MADISON MILLS: Throughout the trading day, as Julie was smartly pointing out, we've seen this story change a little bit from what's going on geopolitically to what's going on specifically with chips and, of course, the tech sector. This decline with Nvidia down over 9%, does that surprise you at all?

ALEX MORRIS: It's surprising to see it today. There's no great catalyst for it. Nvidia didn't come out and say, we're out of the game. AI is over.

[LAUGHTER]

But we have to remember, Nvidia, Microsoft, big tech names. They're momentum names, and momentum names occasionally need to take a breather. I mean, it's-- Nvidia has had a pretty dramatic run. If you go back a month, you could look at almost any time frame for the last three years, and Nvidia has had a tremendous positive run.
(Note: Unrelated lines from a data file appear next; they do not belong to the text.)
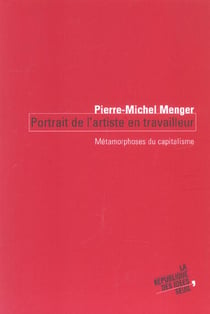 Portrait de l'artiste en travailleur : Métamorphoses du capitalisme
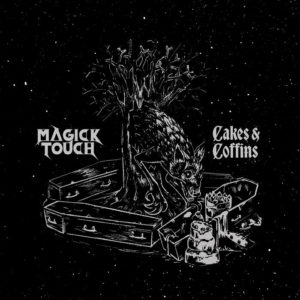 Magick Touch - Cakes & Coffins (Edged Circle Prod., 19.05.2023) COVER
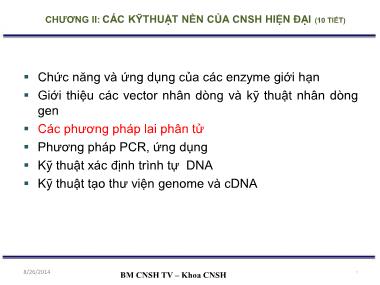 Bài giảng Công nghệ sinh học đại cương - Bài 3: Các phương pháp lai phân tử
These need to take a chance to stop. The geopolitical events aren't the catalyst, but they are a good opportunity for folks to reevaluate where their money is, and sometimes you take your profits. And in Nvidia's case, if you bought it two years ago, you have a lot of profits to take.
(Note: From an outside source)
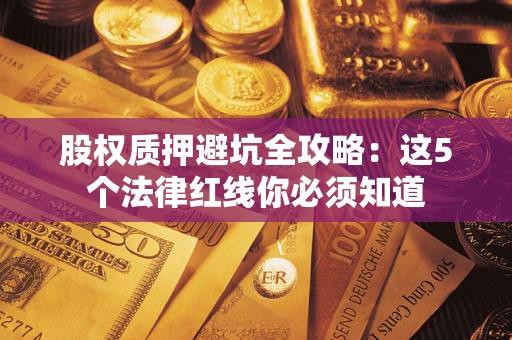 北京股权质押避坑全攻略：这5个法律红线你必须知道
JULIE HYMAN: At the-- by the same token, you did have the likes of ASML and Taiwan Semi also kind of spooking the tech trade this week. Do you think that those are fundamental reasons that the sell-offs happen, or do you do you come back to that momentum idea?

ALEX MORRIS: I don't have any reason to believe there's other fundamental items at play, but there's momentum and there's rates. The problem with many big tech names is we still think about them as discounted cash flow-based companies. So we hear rates are going to stay high, therefore we reduce the price of these big names.

But I've never seen a DCF model that's right. If someone can show me one, I'll happily invest all my money with them. So I think we're seeing some old thinking but also the ability to take big profits. We probably wouldn't see this if those numbers were much more muted over the last 12 months.

MADISON MILLS: What does that tell you going into this earnings cycle, then? Are these names sort of priced to perfection, or is that over given the sell-off that we're starting to see?

ALEX MORRIS: I suspect they probably are giving themselves some room to go back up. It's probably going to do less with earnings themselves and more to do with how we set and manage expectations. Those names in general, when they surprise on the downside, all take about a 15% hit over a day or two, and then they slowly recover. But if you lower expectations, even if you crush earnings, you're going to get crushed the next day and probably continue to get crushed for the next month or two. So we'll see how effective management is at managing the market.